- Other names: Kataḫziwuri
- Major cult center: Hattusa, Pala
- Abode: heaven
- Adherents: Hattians, Hittites, Palaians

Genealogy
- Spouse: Ziparwa

Equivalents
- Luwian: Kamrušepa

= Kataḫzipuri =

Hittite and Palaic goddess

Kataḫzipuri (also known as Kataḫziwuri) was a goddess worshiped by Hattians, Hittites and Palaians in Bronze Age Anatolia. She was associated with magic, and was commonly invoked in rituals dealing with healing and purification. She was closely associated with Kamrušepa. In Palaic religion she formed a pair with Ziparwa and headed the pantheon alongside him.

==Name and character==
The theonym Kataḫzipuri has Hattic origin. Multiple spellings reflecting two variant forms, Kataḫzipuri and Kataḫziwuri, are attested in cuneiform texts discovered during excavations in Boğazköy (Hattusa) and Ortaköy (Šapinuwa). Gabrielle Frantz-Szabó assumes it is derived from the words kattaḫ, "queen", and pur, "land". Oğuz Soysal disagrees with this interpretation and notes that in contrast with kattaḫ, Kataḫzipuri's name was always written with a single t. He speculatively suggests that it might mean "evil under the land", though he stresses this would not indicate she was viewed as malevolent, but rather that certain types of problems could be entrusted to her so that through her intervention they can metaphorically remain "under the land", perhaps to be understood as "in the underworld".

Kataḫzipuri was considered the goddess of magic. Oğuz Soysal stresses that while Kataḫzipuri often functioned as a divine healer, there is also evidence for her spells sometimes being perceived as potentially dangerous, as reflected in the use of the Hattic term katakumi and its Hittite equivalent alwanzena, "sorceress", to refer to her, and on this basis he states describing her as a goddess of magic is preferable.

Kataḫzipuri was believed to reside in heaven. Some of the ritual texts invoking her start with the phrase "Kataḫzipuri saw from heaven", which prefaces the reveal of a solution to a specific issue, framed as the speech of the goddess. According to Volkert Haas texts following this model were meant to highlight her helpful character.

==Associations with other deities==
As early as in the Old Hittite period, Kataḫzipuri came to be associated with Kamrušepa. In bilingual Hattic-Hittite texts they correspond to each other. Volkert Haas interpreted them as two originally distinct goddesses who only came to be syncretised with each other in the Old Hittite period. Oğuz Soysal instead suggests that Kamrušepa was a name applied to Kataḫzipuri after her incorporation into the Hittite pantheon. He also points out that the Hattic name does not occur in Luwian sources at all, and on this basis suggests Kamrušepa had Luwian origin. Piotr Taracha argues that in Palaic texts Kataḫzipuri might be an epithet designating a Palaic goddess identical with or analogous to Kamrušepa. However, the latter name does not occur in any texts written in Palaic.
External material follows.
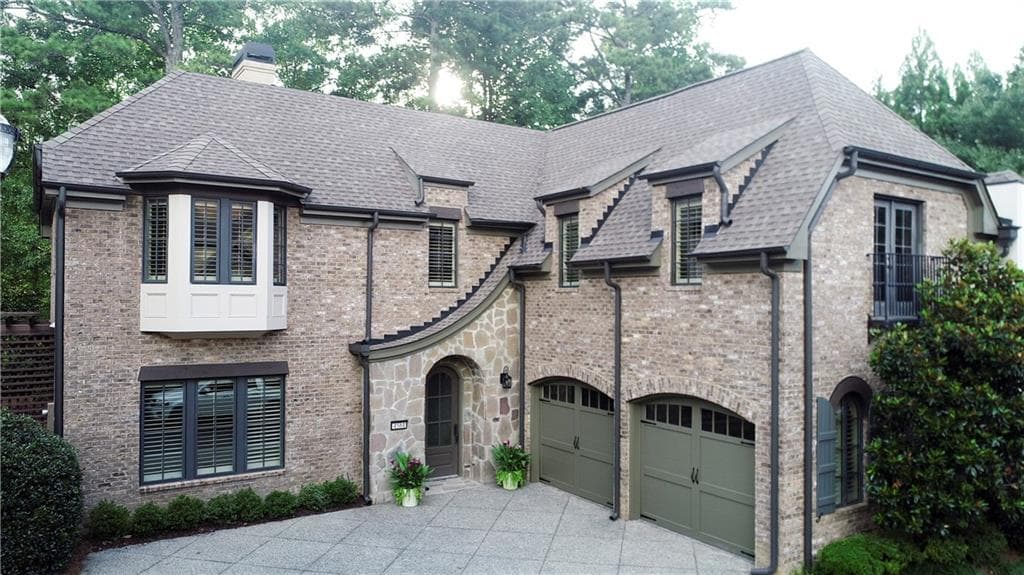 4 bedroom, 5 bathroom, 4,091 sq ft townhouse for sale at 4584 Woodlawn Gates Lane, Marietta, GA 30068 — photo 2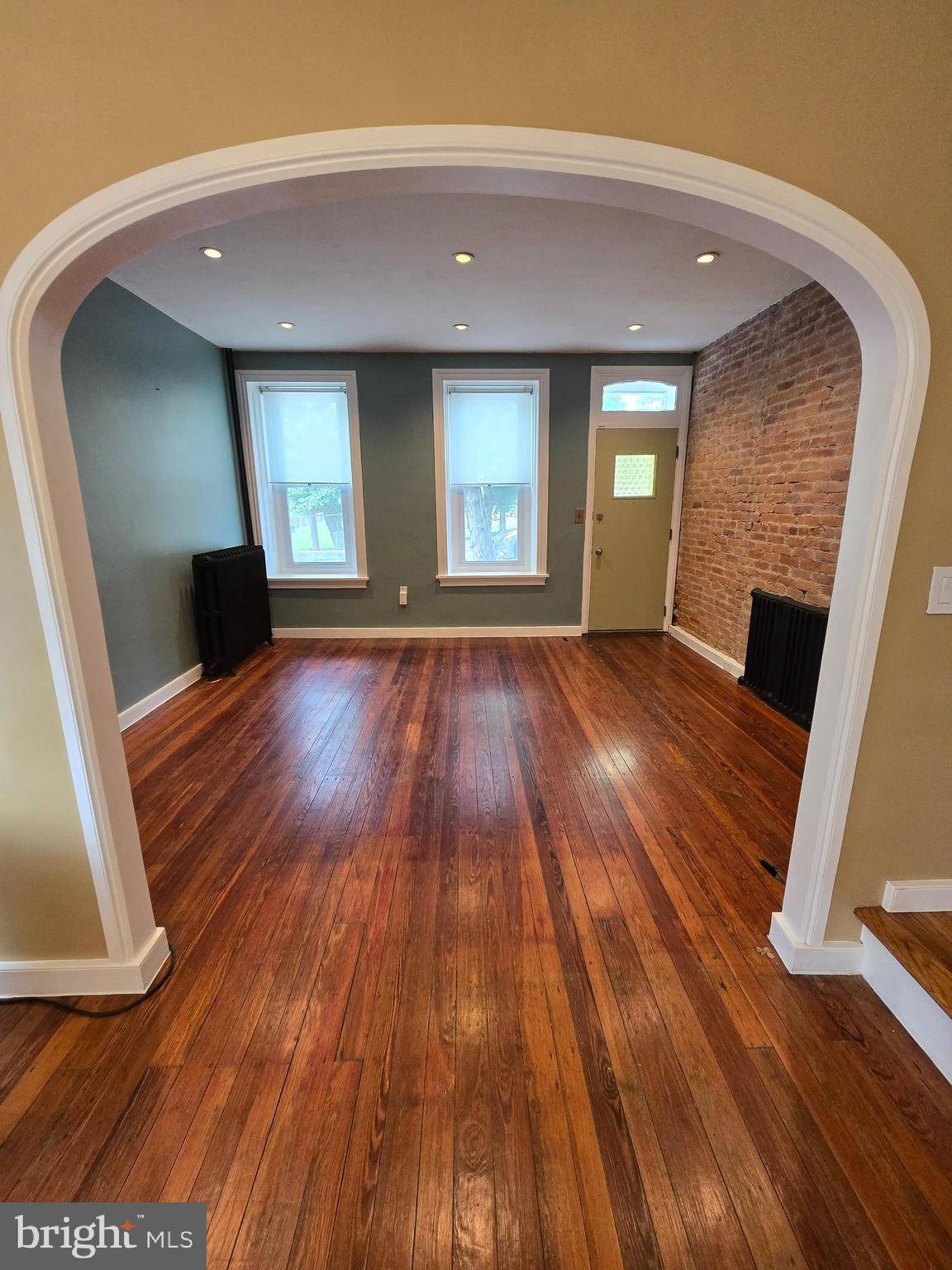 Philadelphia, PA 19127,223 GATES ST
The Palaians considered Kataḫzipuri the spouse of Ziparwa. These two deities occupied the most prominent position in their pantheon.

In the ritual text KUB 56.17, Kataḫzipuri is invoked alongside Papaya to dispel omens revealed in an unfavorable dream (Ù ḪUL). In incantations she could also be associated with deities such as Taru, the sun goddess of Arinna, Šulinkatte, Wurunkatte and Ḫannaḫanna.

==Worship==
According to Oğuz Soysal, Kataḫzipuri occurs relatively frequently in Hittite religious texts. She appears in a number of incantations and healing rituals, especially these dealing with ritual purification.

Kataḫzipuri was also worshiped by Palaians. Palaic religion is only known from ritual texts from the temple of Ziparwa in Hattusa. Two of them, CTH 643 and CTH 750, mention Kataḫzipuri. In this context, she appears as a member of a group which also includes Ziparwa, Ḫašamili, Kammamma, Ḫilanzipa, Gulzannikeš and Uliliyantikeš.